Components of a Computer

Computer Architecture

It is important to understand the basic concepts of computers for many reasons. Whether you are a programmer, a regular user, or an investor in tech stocks, you should have a basic understanding of the fundamental workings of the machine. Smartphones and tablets are basically small computers, so this discussion applies equally to them.

Conceptually, this is pretty simple and will be seem almost obvious, but the organization of the discussion should help to clarify and deepen the reader’s understanding.

The template for all modern computers is the Von Neumann architecture, detailed in a 1945 paper by Hungarian mathematician John von Neumann. []

Essentially, there are four important classes of components to a computer system.

  1. The Central Processing Unit (CPU) that controls the operation of the machine in accordance to a given set of digital instructions – a program.
  2. Memory Unit – a set of memory devices that provides storage for instructions (programs) and data.
  3. Input devices – through these a user can control the operation of the computer and provide data for it to process.
  4. Output Devices – through which the computer can show its results.

A diagram of the von Neumann architecture is below.


“Von Neumann Architecture” by Kapooht – Own work. Licensed under CC BY-SA 3.0 via Commons –

I have discussed the CPU in detail in another post. The graphic notes how there are two main logical units.

The Arithmetic/Logic Unit performs the actual computations, while the Control Unit organizes the flow of instructions and data to the ALU.
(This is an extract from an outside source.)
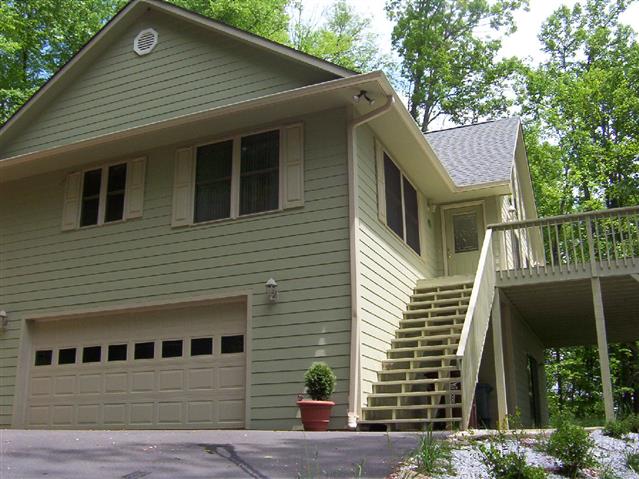 A picture of the property located at 8 VISTA LN, MILLS RIVER NC 28759.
Memory is a very important. This is where programs and data are stored. Data can be in a database, or a Word or spreadsheet document, or a photo. All programs are also stored in memory until they are loaded, one instruction at a time, into the ALU. There are several types of memory. They are categorized according to their “proximity” to the CPU. Each type represents a tradeoff between cost and speed. The faster the memory, the more it costs.

  1. Registers: These are a very limited set of memory locations to which the CPU has direct access. The CPU can only read and write to one of these, and then direct that the data in one can be transferred to some other place (another part of memory, a display, or some other output device). These are actually a part of the CPU itself, so increasing them is extremely costly as they take up precious real estate within the processor.
  2. Cache: Also embedded in the CPU chip – but outside the actual logic unit – is a small set of memory called cache. Here data and instructions are stored briefly until they are required by the CPU and moved into the registers. Access is very fast. There are different levels of cache, some lives on the CPU chip itself, and others live on a separate chip external to the CPU but in very close proximity. Caches are particularly important since many programs repeat a small set of instructions in loops and the caches can hold these so they do not need to fetched repeatedly from main memory.
  3. Main Memory: Sometimes referred to as RAM (Random Access Memory), this is the main memory of the computer into which programs and data are loaded awaiting processing. This is electronic memory that is separated from the CPU, connected by the memory bus , a set of wires that transmit the data back and forth in parallel. Communications occur via this bus, which is many times slower than the communications within the CPU itself. Still, it is quite speedy.
  4. Hard Disk: Hard drives exemplify the external storage class which also would include removable flash cards and USB drive. Hard drives consist of a metal platter with a magnetic medium. A read/write head moves in and out as the platter spins recording or reading digital data. These are great because they can hold enormous amounts of data, and in this age of high definition photos and videos is really needed. Pne main advantage of hard drives is that they keep the data even when the machine is turned ff, which is not the case for standard RAM. They are also relatively cheap, but also very slow (comparatively). Flash cards are much faster, but still slower to access than main memory.
  5. SSD Drives: Solid State Drives are “Hard Drives” that instead of a spinning platter, have electronic memory just like Main Memory, but of a type that retains the data even when turned off. The cost is several times that of a traditional hard disk, but they run 10 times or more faster. Still, however, the read/write speed is affected by the communications protocol that remains that of the old fashioned hard drive.

Memory Bottleneck

No matter the type of storage, the ultimate aim is that data stored will be moved to the CPU to be acted on, whether this involves some type of computation, or the display of a photo or movie or music. It is precisely these differing communication channels that provide a bottleneck to the overall system speed. A CPU can run wild, but if it cannot get its data, it will be throttled like a Lamborghini in first gear. So for years, engineers have been working on ways to reduce the bottlenecks. Faster memory access channels was one way, and internal caches was another way to address this problem. SSDs are another way for more permanent memory.

Output Devices

Of course any computer is useless if it cannot communicate to us people the results of its computations. The most obvious output device is the display, but printers, audio speakers, Bluetooth communications with other devices, etc. are other means.

Input Devices

The most common of these are the keyboard, touch screen, and mouse or trackpad, but video cams, voice control and a variety of real world sensors are also in this category. All are used to influence the operation of the computer.


I hope this discussion has clarified some things for the reader. While some of the ideas may have appeared obvious, I have found that expressing them in the explicit fashion often helps people get a more formal handle on computer organization, and with this basis we can go on to deter details.